Community Moderation

The Verge has an incredible post up about “content moderation.”

I have always felt that the hardest part of running an Internet business was insuring the trust and safety of the users and I am thrilled to see some light being shone on this part of the business.

There is always so much talk about the product and engineering parts of the business and so little about the extremely difficult work that goes into policing the product. And yet when you look at churn, so much of it in a scale Internet business is a result of users running out of patience with spam, trolling, and worse. This comment by Dick Costolo from the piece is telling:

“We lose core user after core user by not addressing simple trolling issues that they face every day, We’re going to start kicking these people off right and left and making sure that when they issue their ridiculous attacks, nobody hears them.” 
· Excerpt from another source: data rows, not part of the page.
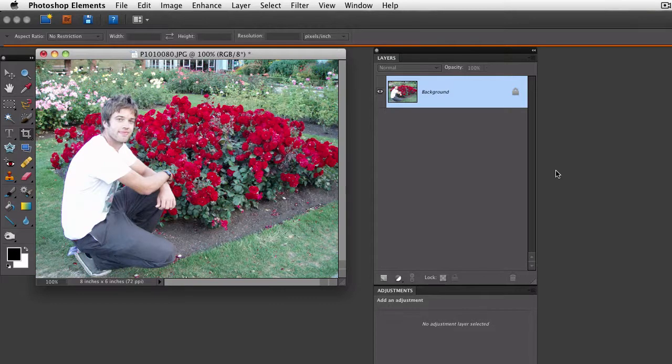Hello, this is Rick from EssentialPhotoshopElements.com. In this video, I want to show you how you can change the opacity of the crop tool in the preview window.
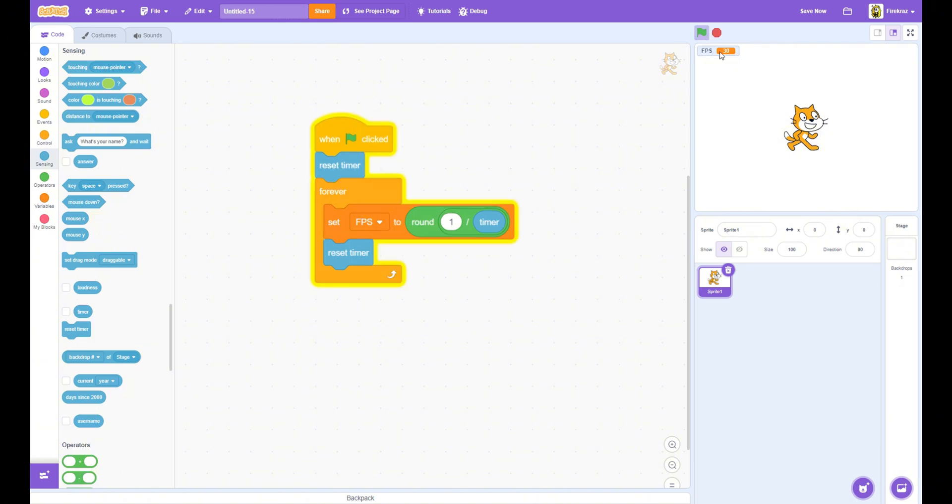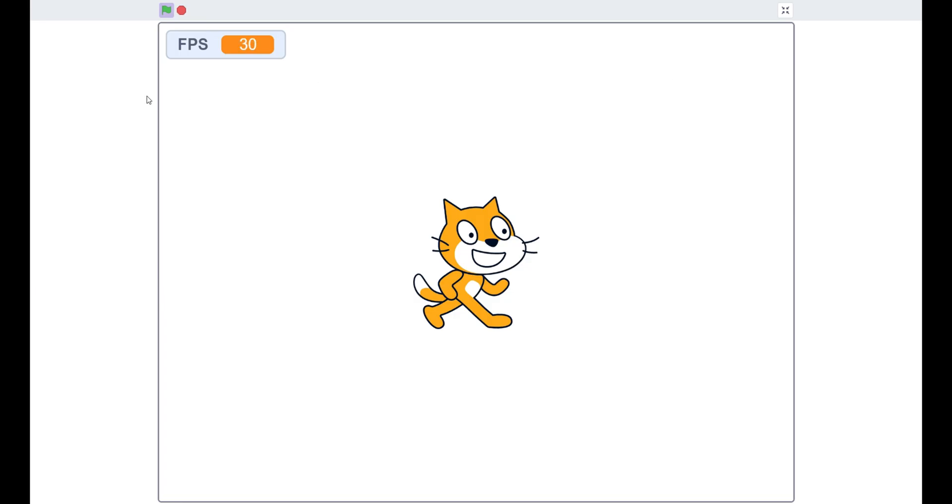There you go, you have your FPS counter. Thank you guys so much for watching. Make sure to drop a like and subscribe, and I'll see you in the next video.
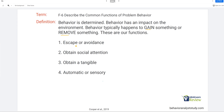The four functions are: escape or avoidance, obtain social attention, obtain a tangible, and automatic or sensory. As a BCBA, you need to know the difference between escape and avoidance — typically in practice we use them interchangeably, but there is a difference. The technical term is automatic. With socially mediated behavior, there's another person involved; with automatic, there's nobody else involved — the consequence is created and administered by the person themselves. It's often referred to as sensory these days, and you need to know these terms are interchangeable.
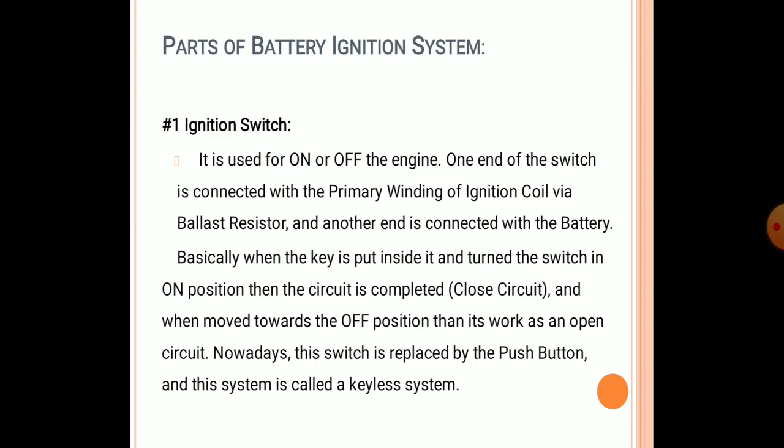The first component is the ignition switch, which is used to turn the engine on and off. One end of the switch is connected to the primary winding, while another point is connected to the coil via a ballast resistor, and another end is connected to the battery. When the key is inserted and turned to the on position, the circuit is completed as a closed circuit. When moved to the off position, the circuit opens. Nowadays, the switch is replaced by a push button in advanced automobiles.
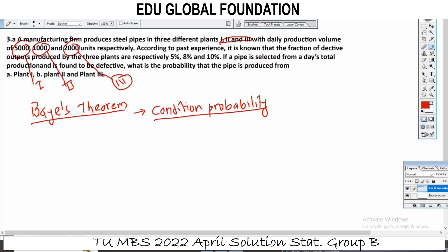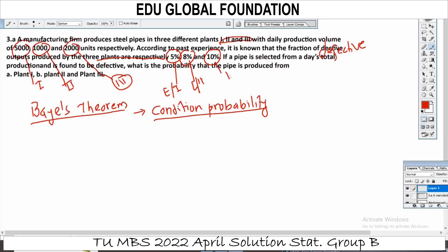Of the total 5,000 units, with 1,000, 2,000 units respectively produced by the three plants. According to past experience, it is known that the fraction of defective output produced by the 3 plants respectively is 5%, 8%, and 10%.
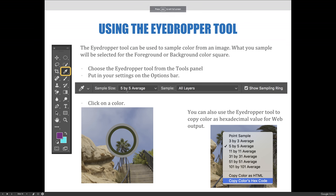Another way to select color in Photoshop is to use the eyedropper tool. There are actually a couple different eyedroppers that exist in other tools as well. The eyedropper as a standalone tool works the same as eyedroppers found inside other tools like the color picker, so the same principles apply to all eyedropper tools whenever you see one.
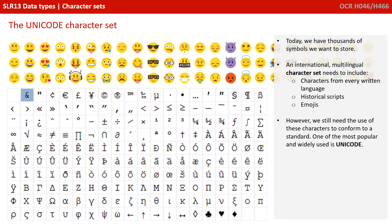Today, we have thousands of symbols we want to be able to store. We want a fully international and multilingual character set, which includes all the characters from every written language, historical scripts, plus more modern characters such as emojis. These need to also conform to a standard, and this standard is known as Unicode, or Universal Encoding.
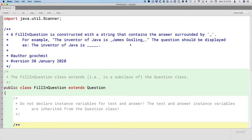To remind ourselves where we left off last week, we were creating a class called FillInQuestion that extends Question, making it a subclass of Question. What makes FillInQuestion special is that the question text actually has the answer embedded in it. For example: 'The inventor of Java is _James Gosling_.' The answer is delineated by the underscore characters.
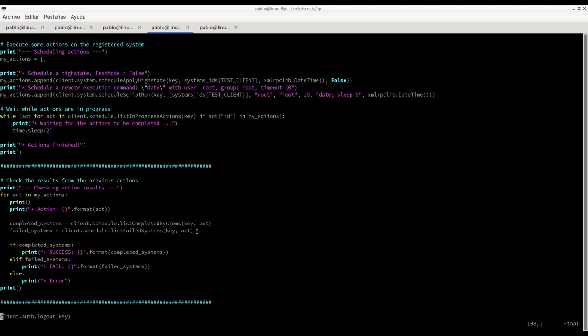You can see all the different endpoints that we are calling in this script for doing all these different tasks.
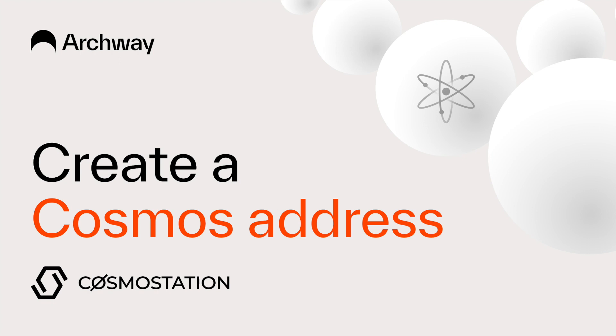All right everyone, so today we're going to see how to get your Cosmos address by creating a wallet with Cosmos Station, which is a mobile app. The reason why you will need a Cosmos address is that this will allow you to get your Archway address once the Archway mainnet is live.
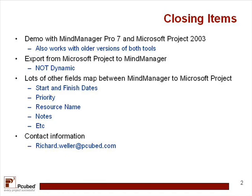So I hope you've enjoyed the demonstration today. You certainly can contact me if you have any questions or any additional help. Again, my name is Rich Weller and you'll see my email address is there. Thanks a lot.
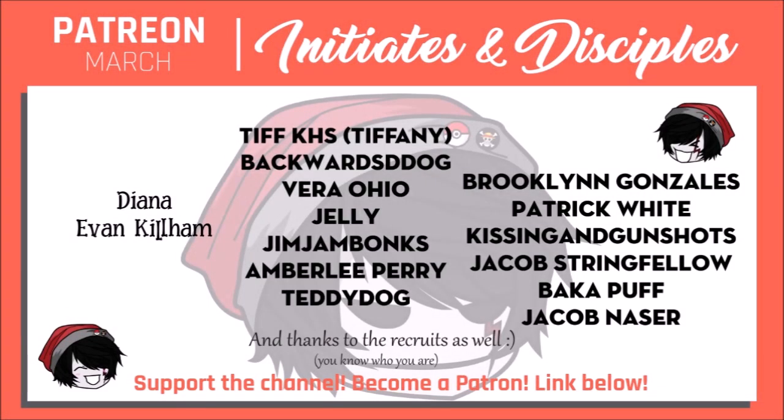Shout outs as always to the Disciples: Tiffany, Backwoods D-Dog, Vera Ohio, Jelly, Jim Jam Bonks, Amber Lee Perry, Teddy Dog, Brooklyn Gonzalez, Patrick White, Kissing and Gunshots, Jacob Stringfellow, Backer Puff, and Jacob Nacer. I'm super grateful for you guys. Thank you for your patronage.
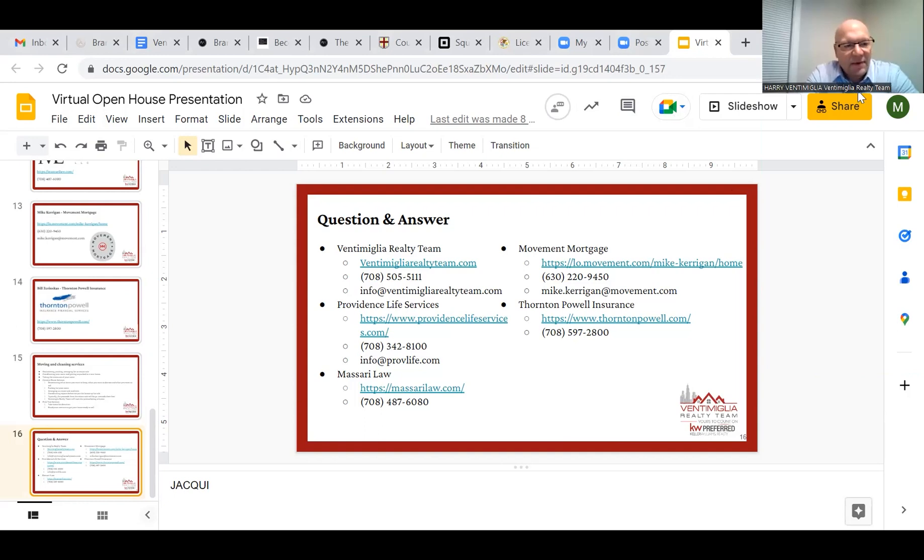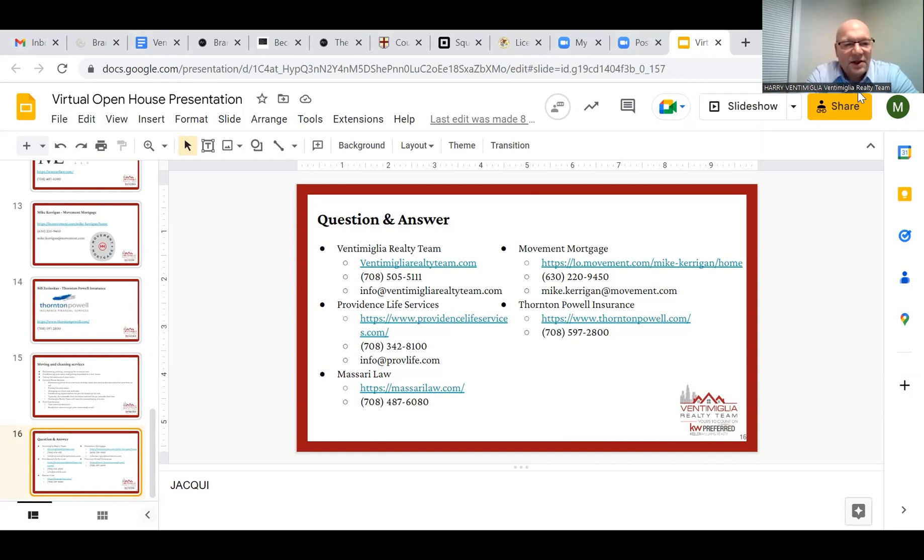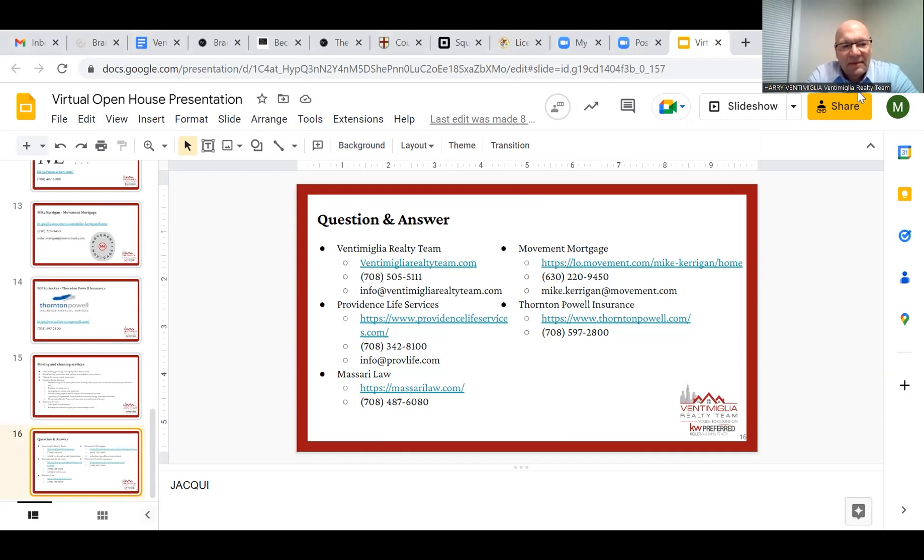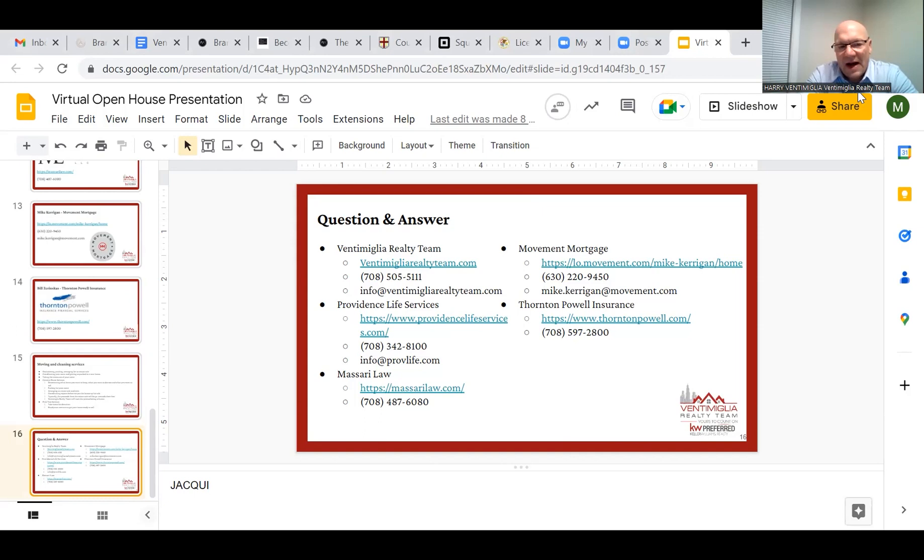I'll get you all their information. And if you know anyone that is thinking about making a move anytime in the next year or so, make sure you give them their information to contact us. It's never too early to start. Our goal at Ventimiglia Realty Team is to make sure our clients are partnered with not just a great real estate team but also partnered with great attorneys, lenders, contractors, and other professionals to make their move as pleasant of an experience and as stress-free as possible. Thanks everybody for coming and have a great night.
Well as the post points out, that is not so simple. And, of course, there are free speech issues too. I constantly hear people criticizing Twitter for blocking users.

But trolling, as bad as it is, is not the worst part of this work.

A trust and safety team has to deal with the most awful kinds of people and actions imaginable. I often suggest that everyone should sit in a trust and safety organization for a week. Then a lot of the conversations we have about free speech, privacy, and the like would get a lot more nuanced. There are bad people out there doing bad stuff.

Sadly, as I have seen again and again, startups don’t understand how challenging these problems are going to be until some sort of situation forces them to react. Then they throw people at the problem but never their precious “engineering resources.” When trust and safety, fraud, compliance, and moderation teams start getting their own engineering resources, something that often takes years to happen, then you know the company is finally acknowledging the importance and seriousness of the work.

The people profiled in this Verge story are heroes in my book. They do hard work, are not paid as much as they should be, and they are working in incredibly difficult and dangerous (for their mental health) situations. It is high time we start acknowledging them and their work and investing in it.